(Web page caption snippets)
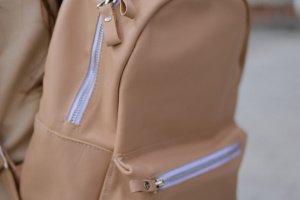Кожаный нюдовый рюкзак - Описание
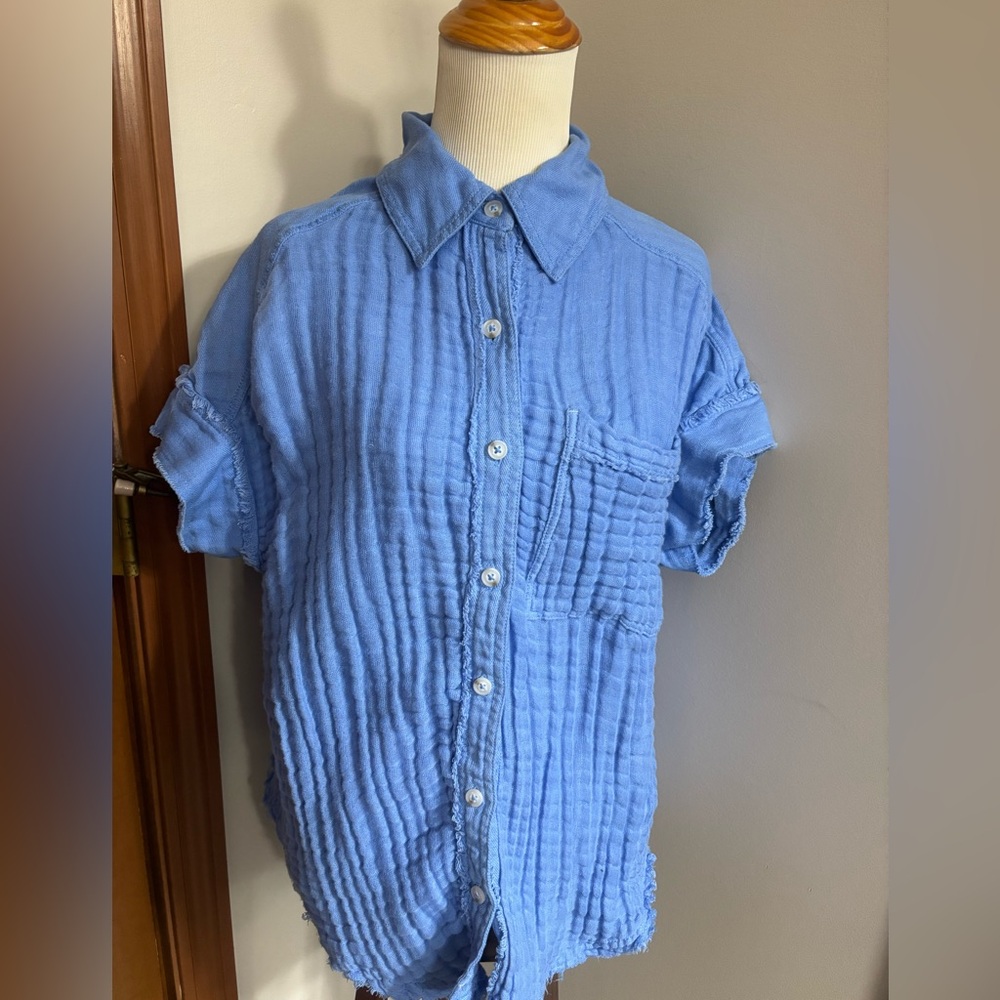 We The Free Button Up Shirt Blue Linen Blend Oversized Short Sleeve Collared - Picture 2 of 10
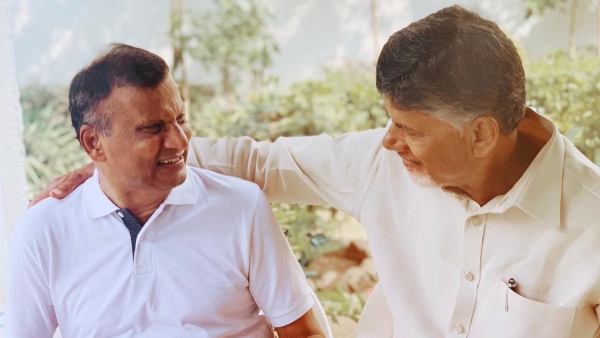 CM Chandra Babu Cancel his Maharashtra Tour return to Hyderabad due to his brother critical condition CM Chandra Babu Cancel his Maharashtra Tour return to Hyderabad due to his brother critical condition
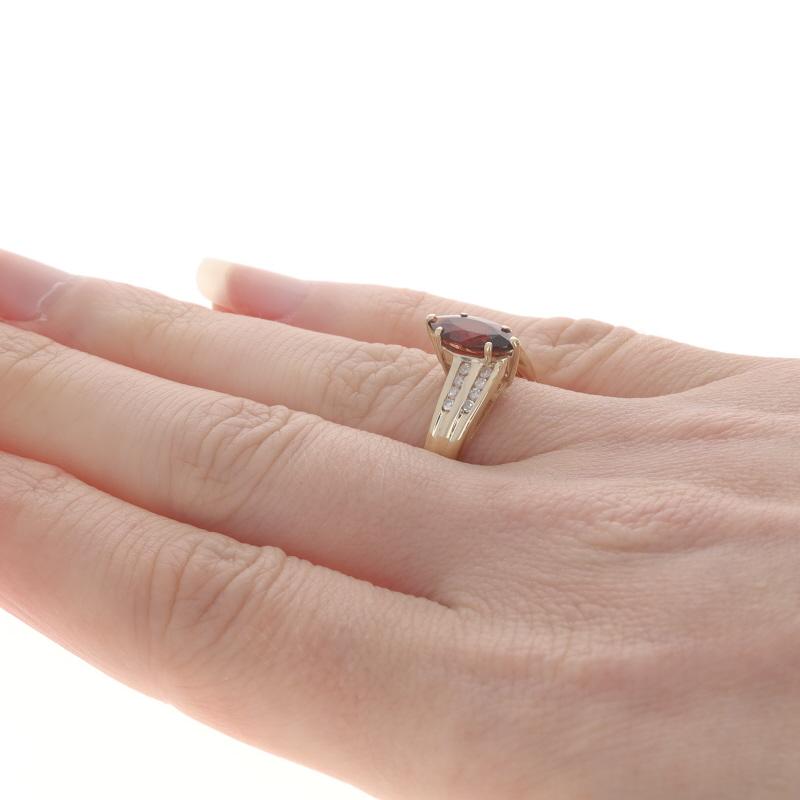 Bypass-Ring aus Gelbgold mit Granat und Diamant - 10k Marquise 1,36 ctw Damen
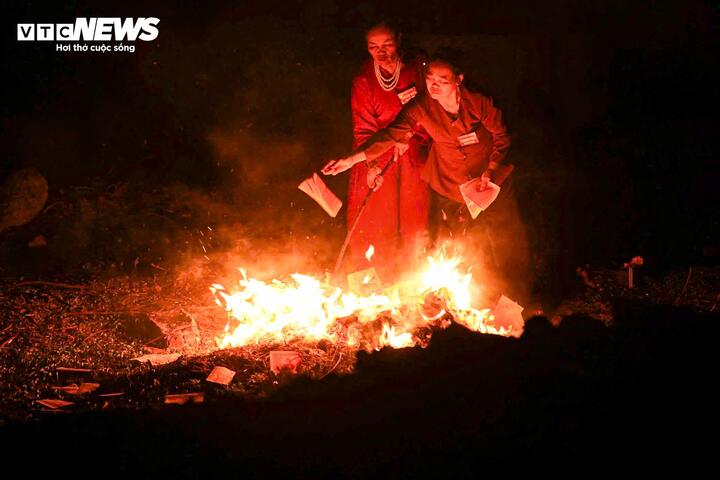 Kh&aacute;m ph&aacute; chợ &acirc;m dương độc đ&aacute;o, họp duy nhất mỗi năm 1 lần l&uacute;c nửa đ&ecirc;m- Ảnh 10.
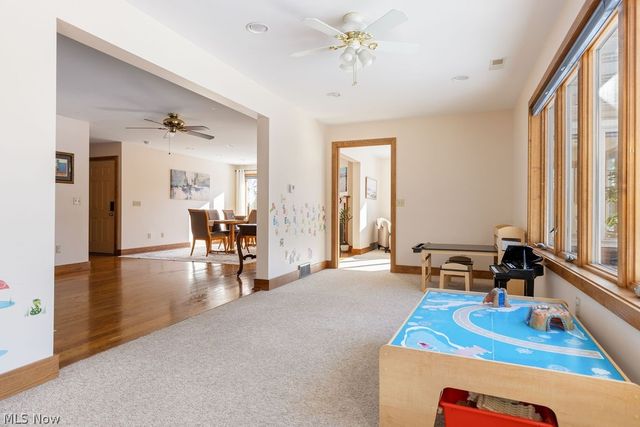 10710 Edgewater Drive, Cleveland, OH 44102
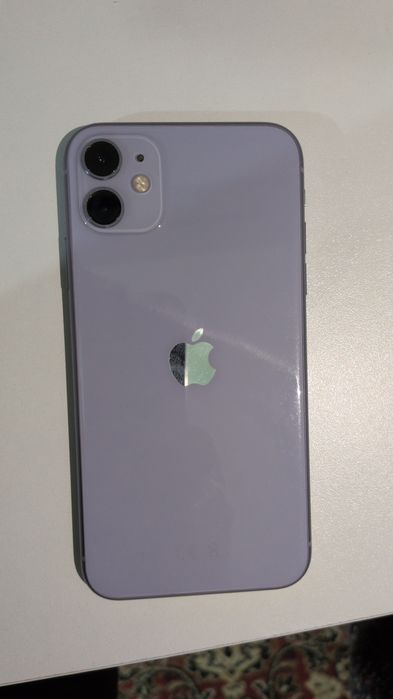 Vând iPhone 11 64 GB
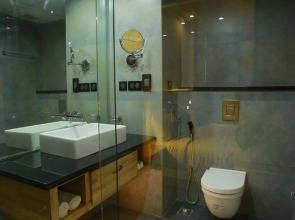 The Panoramic Getaway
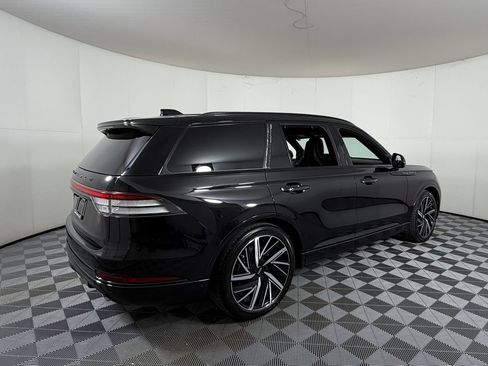 Used 2025 Lincoln Aviator Black Label w/ Jet Appearance Package AWD/4WD image 4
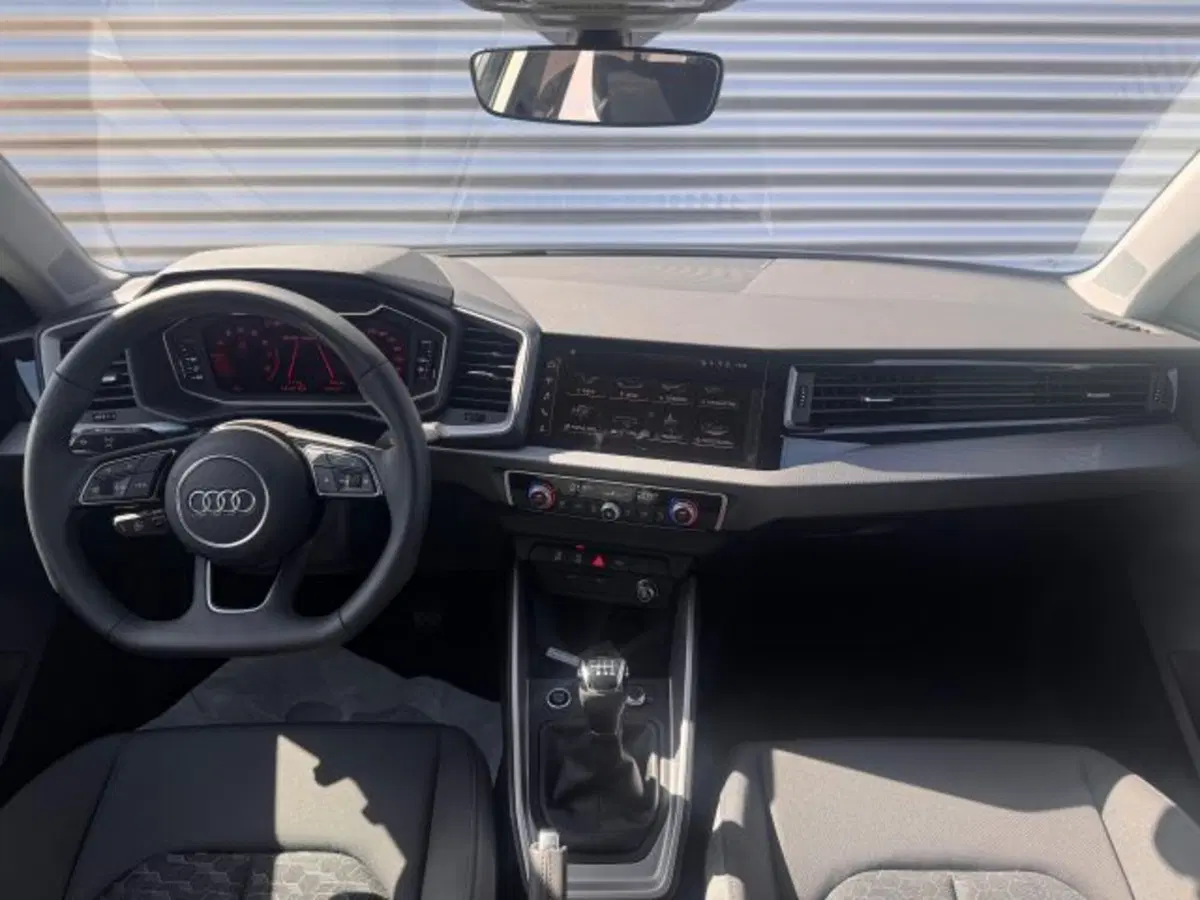 Audi A1 Sportback nuova a Treviso (4)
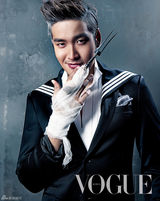 高清组图：韩片《间谍》主演携手拍写真 音乐剧般生动风趣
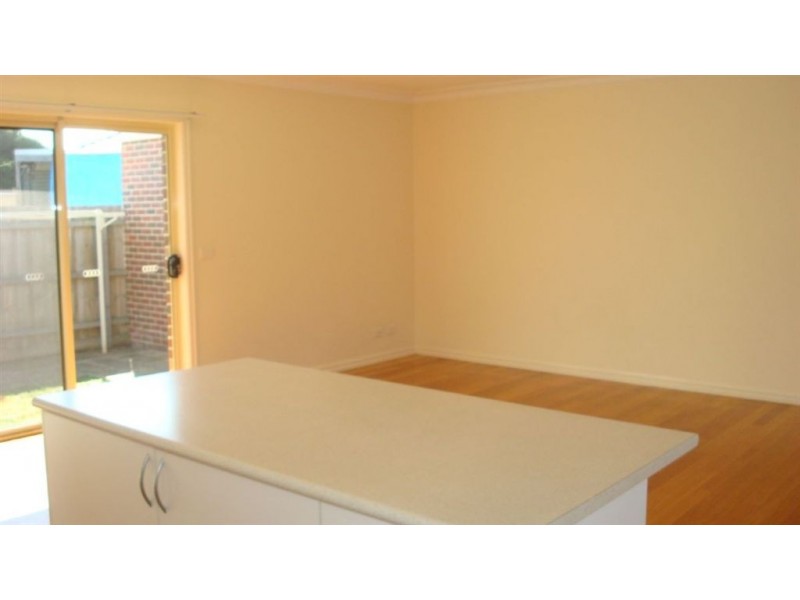 1/53 Margaret Street, Clayton VIC 3168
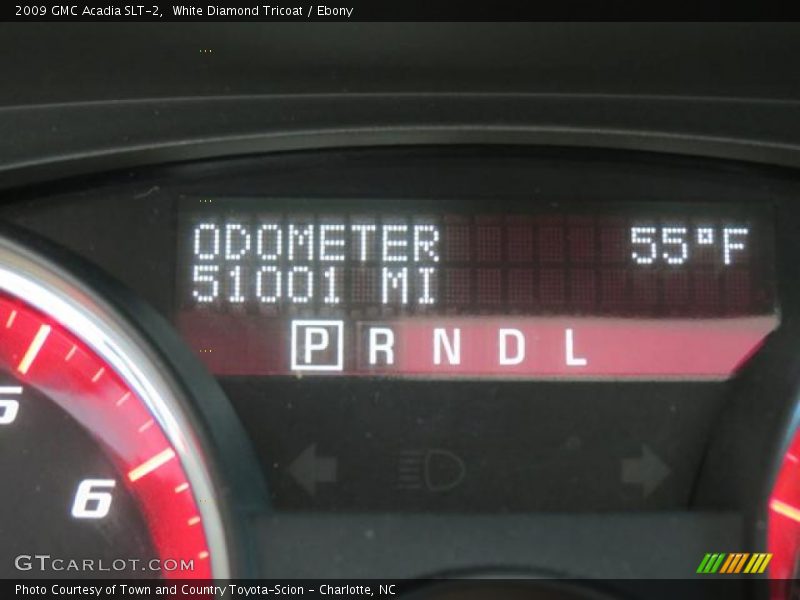 White Diamond Tricoat / Ebony 2009 GMC Acadia SLT-2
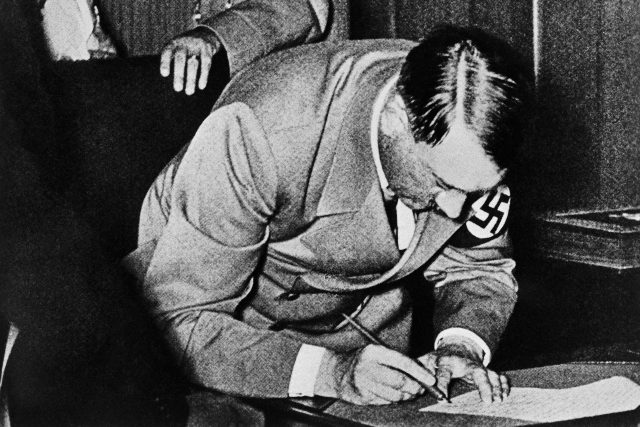 Říšský kancléř Adolf Hitler podepisuje v noci z 29. na 30. září 1938 mnichovskou dohodu | foto: Fotobanka Profimedia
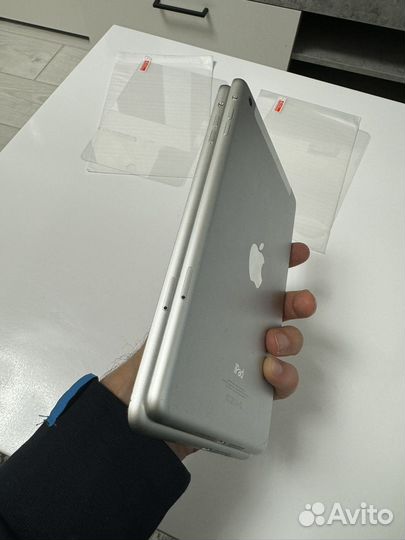 iPad Mini 16Gb WiFi Новое Стекло Обход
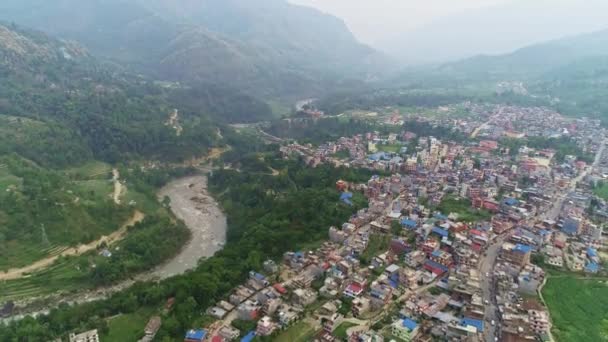 Panorama de la ciudad provincial brumosa junto al valle del río de montaña — Vídeos de Stock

> _WHAT YOU SHOULD DO_: Beginning with the line above that has "We The Free" and going on through the line that has "Bypass-Ring aus Gelbgold", retype every line exactly and add nothing else; drop the pictures.

> _REPLY_:
 We The Free Button Up Shirt Blue Linen Blend Oversized Short Sleeve Collared - Picture 2 of 10
 CM Chandra Babu Cancel his Maharashtra Tour return to Hyderabad due to his brother critical condition CM Chandra Babu Cancel his Maharashtra Tour return to Hyderabad due to his brother critical condition
 Bypass-Ring aus Gelbgold mit Granat und Diamant - 10k Marquise 1,36 ctw Damen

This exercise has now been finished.